=== Study material ===
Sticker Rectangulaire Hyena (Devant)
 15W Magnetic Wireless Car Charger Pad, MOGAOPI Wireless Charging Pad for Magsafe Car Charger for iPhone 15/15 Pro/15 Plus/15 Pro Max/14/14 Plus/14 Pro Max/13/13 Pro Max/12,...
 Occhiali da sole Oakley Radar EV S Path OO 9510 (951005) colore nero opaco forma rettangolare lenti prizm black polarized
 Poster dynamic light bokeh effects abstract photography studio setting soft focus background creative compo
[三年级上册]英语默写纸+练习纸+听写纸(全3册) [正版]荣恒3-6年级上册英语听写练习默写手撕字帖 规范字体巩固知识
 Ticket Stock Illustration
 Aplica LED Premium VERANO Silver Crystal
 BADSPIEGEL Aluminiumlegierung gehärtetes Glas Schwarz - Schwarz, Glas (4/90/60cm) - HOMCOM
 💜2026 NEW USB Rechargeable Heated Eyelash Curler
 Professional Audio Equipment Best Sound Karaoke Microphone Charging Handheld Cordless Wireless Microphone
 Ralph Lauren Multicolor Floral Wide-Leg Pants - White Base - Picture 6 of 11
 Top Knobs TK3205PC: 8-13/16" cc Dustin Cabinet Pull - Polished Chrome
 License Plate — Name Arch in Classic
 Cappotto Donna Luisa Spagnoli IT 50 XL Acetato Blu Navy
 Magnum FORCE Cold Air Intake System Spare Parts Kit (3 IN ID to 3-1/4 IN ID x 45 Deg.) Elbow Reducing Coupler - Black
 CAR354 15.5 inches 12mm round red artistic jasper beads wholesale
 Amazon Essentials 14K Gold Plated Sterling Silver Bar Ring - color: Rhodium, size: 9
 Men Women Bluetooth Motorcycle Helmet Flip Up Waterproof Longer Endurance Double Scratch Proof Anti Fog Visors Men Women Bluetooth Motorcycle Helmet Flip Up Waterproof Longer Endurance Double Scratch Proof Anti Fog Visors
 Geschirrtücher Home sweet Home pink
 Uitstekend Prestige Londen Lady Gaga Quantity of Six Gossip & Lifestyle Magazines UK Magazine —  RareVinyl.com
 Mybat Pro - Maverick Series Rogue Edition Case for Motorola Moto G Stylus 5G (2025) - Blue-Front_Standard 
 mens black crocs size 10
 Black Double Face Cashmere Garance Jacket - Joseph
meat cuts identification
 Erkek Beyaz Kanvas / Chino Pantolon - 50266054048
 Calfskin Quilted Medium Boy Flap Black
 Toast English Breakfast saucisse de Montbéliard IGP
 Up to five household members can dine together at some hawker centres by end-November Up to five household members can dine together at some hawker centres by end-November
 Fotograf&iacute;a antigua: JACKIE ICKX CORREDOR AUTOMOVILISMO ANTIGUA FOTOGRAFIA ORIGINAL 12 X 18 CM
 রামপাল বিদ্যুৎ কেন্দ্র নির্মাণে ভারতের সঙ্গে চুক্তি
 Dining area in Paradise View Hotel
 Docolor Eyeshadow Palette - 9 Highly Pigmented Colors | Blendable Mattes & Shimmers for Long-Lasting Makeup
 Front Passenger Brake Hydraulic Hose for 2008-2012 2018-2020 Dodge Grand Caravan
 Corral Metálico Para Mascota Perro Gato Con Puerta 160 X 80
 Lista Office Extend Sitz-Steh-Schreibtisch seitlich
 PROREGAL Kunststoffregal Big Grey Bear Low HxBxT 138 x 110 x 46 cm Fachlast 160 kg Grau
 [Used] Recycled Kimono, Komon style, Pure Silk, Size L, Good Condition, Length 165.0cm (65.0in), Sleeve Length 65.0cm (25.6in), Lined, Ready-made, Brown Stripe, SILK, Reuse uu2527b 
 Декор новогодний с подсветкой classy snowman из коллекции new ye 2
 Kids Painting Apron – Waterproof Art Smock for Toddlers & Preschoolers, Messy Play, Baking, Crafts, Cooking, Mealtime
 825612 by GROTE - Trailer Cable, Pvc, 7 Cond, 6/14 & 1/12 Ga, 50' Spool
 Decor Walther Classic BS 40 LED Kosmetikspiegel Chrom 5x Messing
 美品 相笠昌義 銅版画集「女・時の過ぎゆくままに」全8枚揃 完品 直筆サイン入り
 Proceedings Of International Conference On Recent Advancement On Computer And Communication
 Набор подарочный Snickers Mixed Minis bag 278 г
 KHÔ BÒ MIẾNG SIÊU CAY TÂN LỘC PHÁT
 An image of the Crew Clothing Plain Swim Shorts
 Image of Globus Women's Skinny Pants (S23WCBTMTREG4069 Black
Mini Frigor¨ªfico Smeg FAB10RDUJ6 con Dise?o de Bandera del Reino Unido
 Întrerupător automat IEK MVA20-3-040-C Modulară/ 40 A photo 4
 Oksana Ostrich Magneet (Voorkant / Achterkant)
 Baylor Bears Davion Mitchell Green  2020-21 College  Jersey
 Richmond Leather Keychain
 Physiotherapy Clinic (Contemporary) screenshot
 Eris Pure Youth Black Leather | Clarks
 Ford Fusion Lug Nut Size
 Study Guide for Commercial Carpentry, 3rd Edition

=== Description of the task ===
Print only what lies in the material above starting at the line with "Ticket Stock Illustration" and ending at the line with "Uitstekend Prestige Londen", every line exactly as given.

=== Written solution ===
 Ticket Stock Illustration
 Aplica LED Premium VERANO Silver Crystal
 BADSPIEGEL Aluminiumlegierung gehärtetes Glas Schwarz - Schwarz, Glas (4/90/60cm) - HOMCOM
 💜2026 NEW USB Rechargeable Heated Eyelash Curler
 Professional Audio Equipment Best Sound Karaoke Microphone Charging Handheld Cordless Wireless Microphone
 Ralph Lauren Multicolor Floral Wide-Leg Pants - White Base - Picture 6 of 11
 Top Knobs TK3205PC: 8-13/16" cc Dustin Cabinet Pull - Polished Chrome
 License Plate — Name Arch in Classic
 Cappotto Donna Luisa Spagnoli IT 50 XL Acetato Blu Navy
 Magnum FORCE Cold Air Intake System Spare Parts Kit (3 IN ID to 3-1/4 IN ID x 45 Deg.) Elbow Reducing Coupler - Black
 CAR354 15.5 inches 12mm round red artistic jasper beads wholesale
 Amazon Essentials 14K Gold Plated Sterling Silver Bar Ring - color: Rhodium, size: 9
 Men Women Bluetooth Motorcycle Helmet Flip Up Waterproof Longer Endurance Double Scratch Proof Anti Fog Visors Men Women Bluetooth Motorcycle Helmet Flip Up Waterproof Longer Endurance Double Scratch Proof Anti Fog Visors
 Geschirrtücher Home sweet Home pink
 Uitstekend Prestige Londen Lady Gaga Quantity of Six Gossip & Lifestyle Magazines UK Magazine —  RareVinyl.com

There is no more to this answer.